Using Cepstrum and Historical Data to Detect Planetary Stage Faults

Introduction

Condition monitoring system (CMS) plays an important role in wind turbines operation and maintenance. It helps detect incipient faults early and plan maintenance so that downtime is minimized. Currently Brüel & Kjær Vibro is monitoring around 8000 turbines all over the world from different wind turbine manufacturers. Not only are scalar data for trending collected regularly, but also time waveform data from different components of the wind turbines. Collecting time waveform data regularly proves to be very useful because new monitoring methods can be developed and tested based on the collected time waveforms. The current work focuses on using cepstrum to detect gear related faults in the planetary stage of wind turbines. The method is mainly data-driven due to large number of data available.

Approach

Accelerometers are installed at different components of wind turbines, such as at various gearbox stages and generator bearings, to monitor their vibrations. Various vibration measurements are collected at a short interval period and trended over time. Additionally, vibration time waveform is collected from each component at a regular interval, normally every other day. The time waveform length is normally around 10 seconds. Due to the traditionally challenging nature of detecting gear related faults at the planetary stage, this work focuses on using cepstrum to detect faults at this stage. Cepstrum data are generated from time waveforms collected from many turbines over a period of one year. Both turbines with known faults and no known faults are compared.

Main body of abstract

By compiling all data available, quefrencies related to faults usually stand out, and their ranges can be identified. The ranges are usually limited for turbines with similar gearbox ratios. Information regarding these quefrency ranges can then be used for trending the quefrency magnitudes in those ranges for faults detection in many turbines. In this way, it is not necessary to know the kinematical data of each turbine, such as specific gear mesh frequency, a particular shaft rotational speed, etc. The method was tested on turbines with known faults. Faults can be detected earlier than using other traditional vibration measurements, such as mesh frequencies, residual values, etc.

Conclusion

Collecting time waveform data is very useful to develop data-driven monitoring methods. The methods can be tested on the historical data collected. This work demonstrates the development of such a method based on cepstrum to detect faults in wind turbine planetary stage.

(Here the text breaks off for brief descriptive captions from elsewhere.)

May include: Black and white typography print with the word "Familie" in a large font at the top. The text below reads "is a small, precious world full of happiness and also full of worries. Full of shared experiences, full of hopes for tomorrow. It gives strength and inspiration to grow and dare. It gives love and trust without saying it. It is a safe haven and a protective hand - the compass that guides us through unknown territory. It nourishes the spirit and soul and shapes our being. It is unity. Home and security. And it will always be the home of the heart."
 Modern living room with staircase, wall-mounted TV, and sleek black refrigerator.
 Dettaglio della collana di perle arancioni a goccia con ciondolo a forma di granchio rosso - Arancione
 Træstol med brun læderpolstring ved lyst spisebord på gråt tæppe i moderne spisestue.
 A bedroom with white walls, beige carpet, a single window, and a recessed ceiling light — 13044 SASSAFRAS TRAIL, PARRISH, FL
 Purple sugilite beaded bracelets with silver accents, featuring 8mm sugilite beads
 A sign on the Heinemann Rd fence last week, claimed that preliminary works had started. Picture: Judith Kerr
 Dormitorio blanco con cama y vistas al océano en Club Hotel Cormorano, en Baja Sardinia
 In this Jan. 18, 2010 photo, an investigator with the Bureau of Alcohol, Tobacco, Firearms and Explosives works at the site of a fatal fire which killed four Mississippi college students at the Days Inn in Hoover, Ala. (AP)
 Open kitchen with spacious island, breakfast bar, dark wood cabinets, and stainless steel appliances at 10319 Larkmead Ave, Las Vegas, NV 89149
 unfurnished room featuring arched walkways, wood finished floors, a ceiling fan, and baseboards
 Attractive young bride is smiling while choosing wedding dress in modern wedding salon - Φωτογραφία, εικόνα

The method shows to be effective and does not necessitate knowing specific kinematical data of each turbine monitored.


Learning objectives
This work highlights the importance of collecting and storing time waveform data from wind turbines. It demonstrates how such data can be used to develop new monitoring methods. The work also demonstrates how to use cepstrum to detect faults in traditionally challenging part of a wind turbine, namely the planetary stage.